The data ▸
..............................

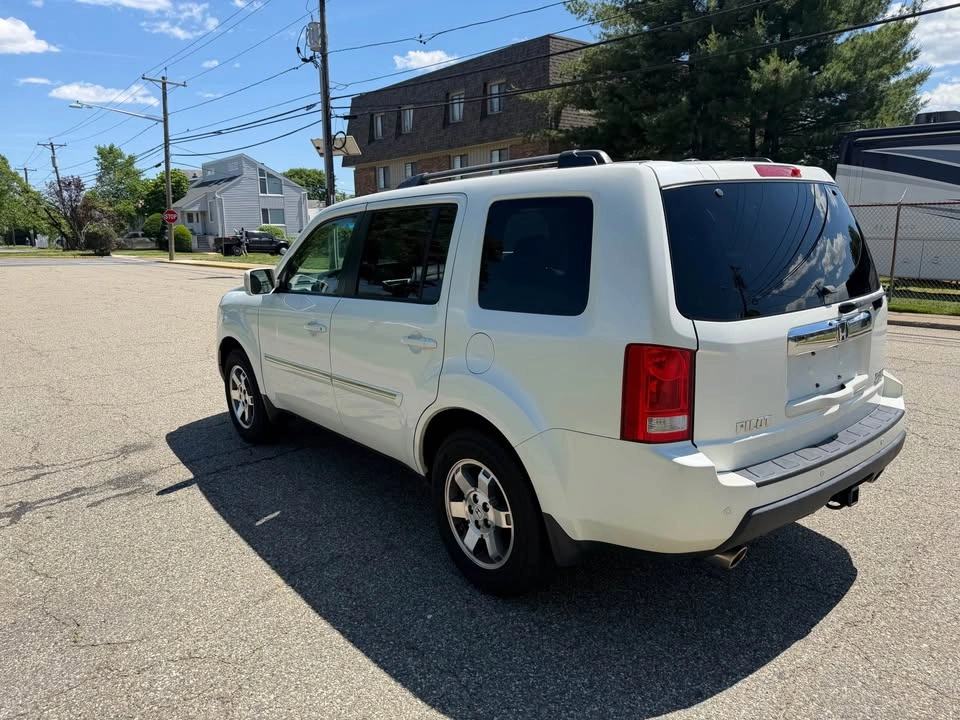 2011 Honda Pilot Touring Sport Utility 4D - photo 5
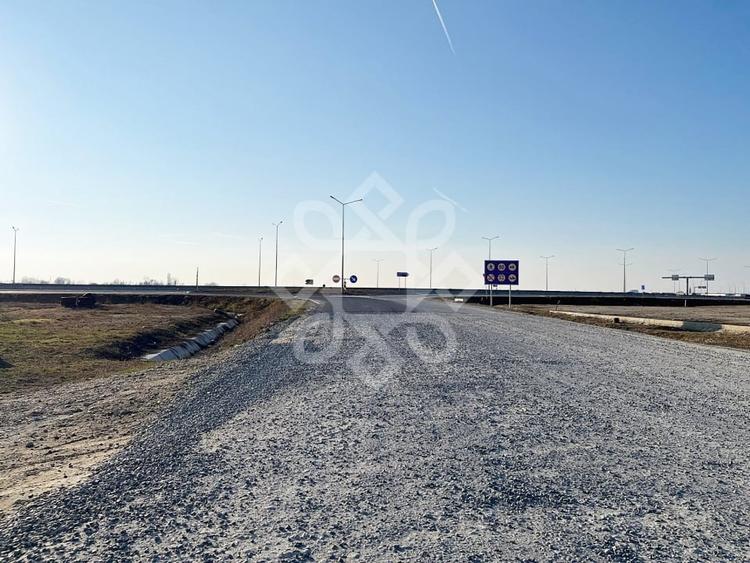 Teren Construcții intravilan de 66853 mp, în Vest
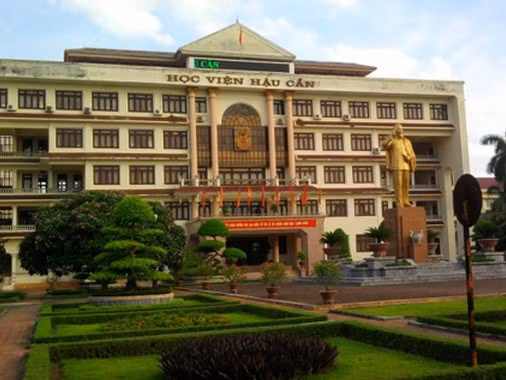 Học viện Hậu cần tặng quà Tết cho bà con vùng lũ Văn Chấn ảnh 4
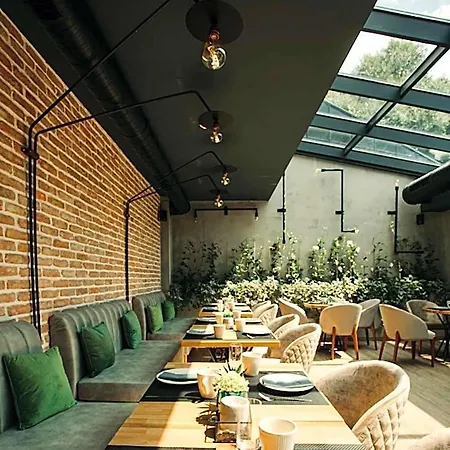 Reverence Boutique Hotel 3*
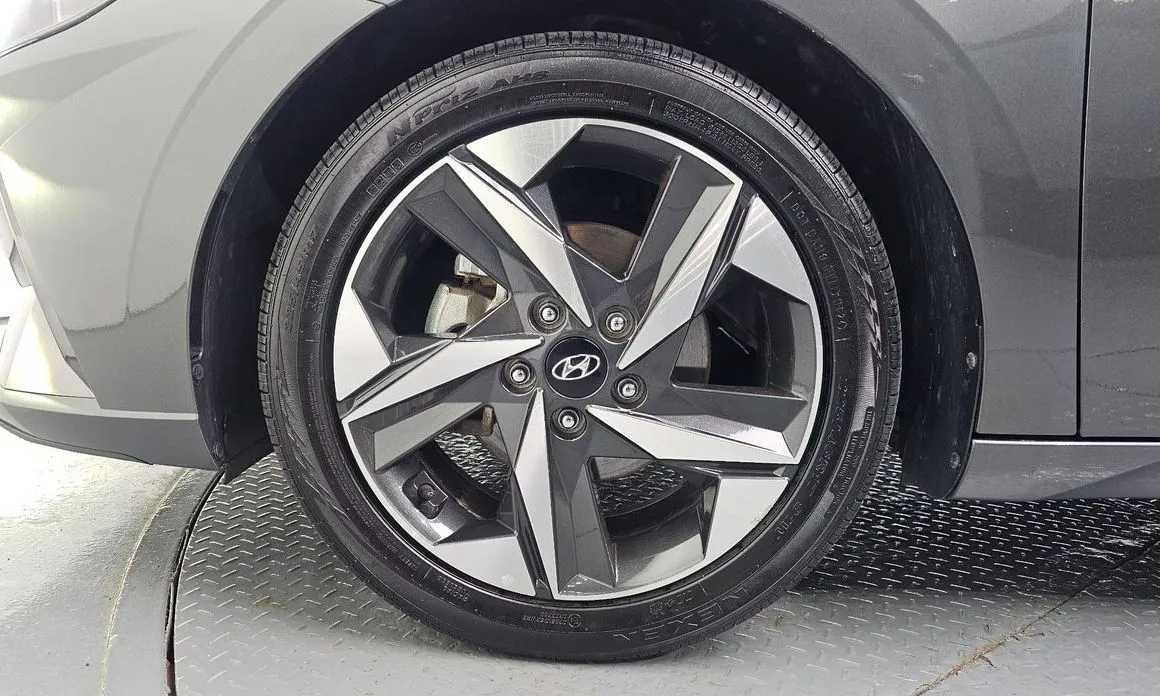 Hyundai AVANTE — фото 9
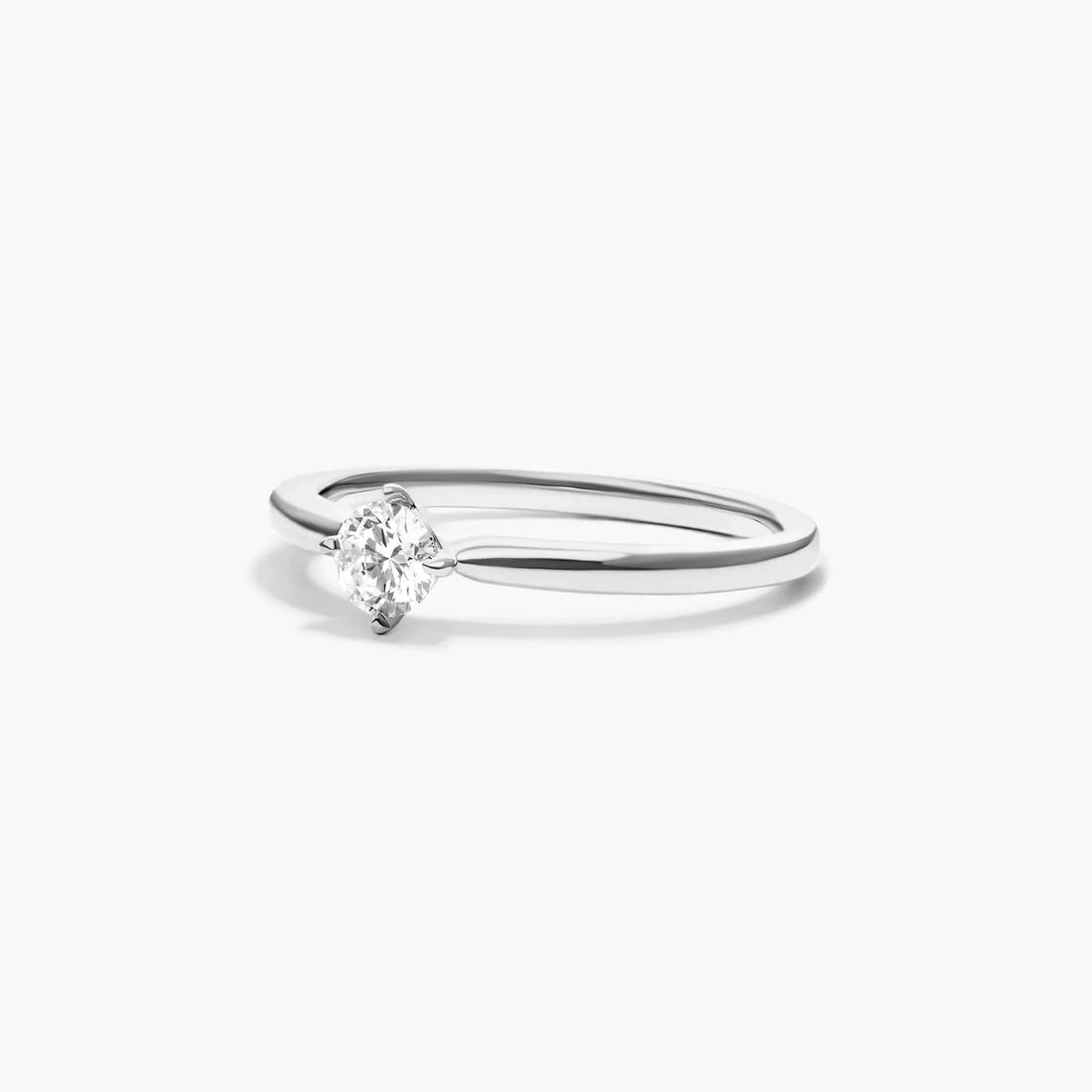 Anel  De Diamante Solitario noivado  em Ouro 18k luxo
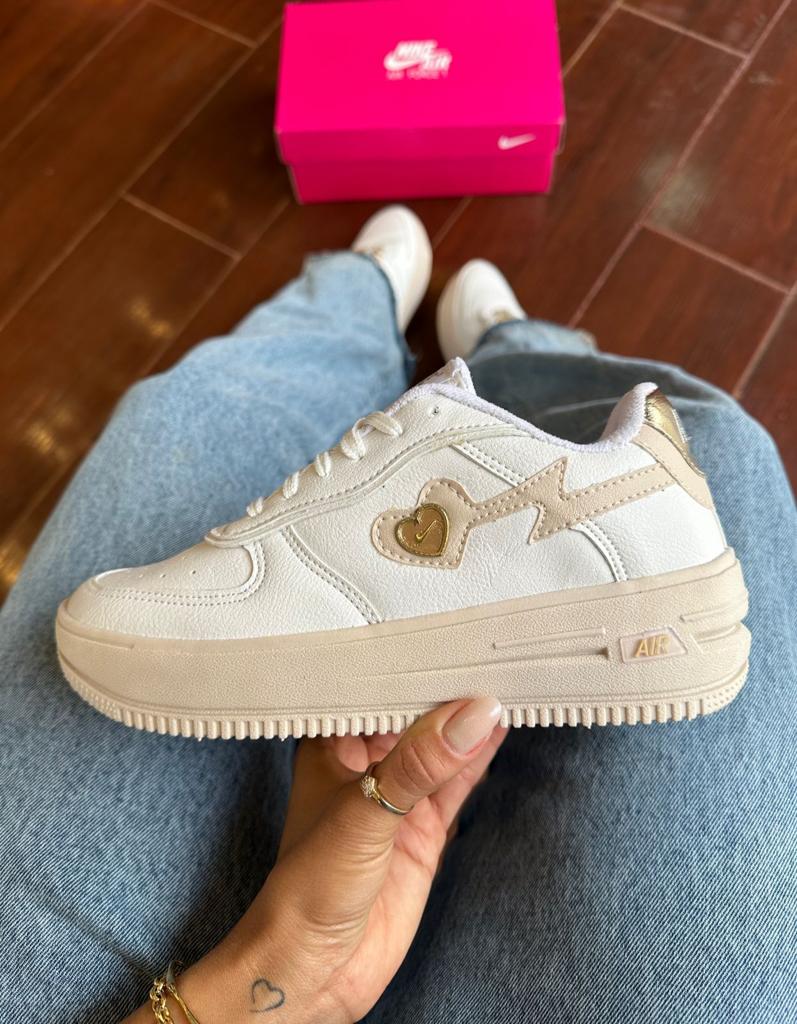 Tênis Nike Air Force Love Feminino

..............................

Work to complete ▸ Exclude all pictures and return precisely the lines from the one containing "Teren Construcții intravilan" through the closing line of the data.

Solution for this problem ▸
 Teren Construcții intravilan de 66853 mp, în Vest
 Học viện Hậu cần tặng quà Tết cho bà con vùng lũ Văn Chấn ảnh 4
 Reverence Boutique Hotel 3*
 Hyundai AVANTE — фото 9
 Anel  De Diamante Solitario noivado  em Ouro 18k luxo
 Tênis Nike Air Force Love Feminino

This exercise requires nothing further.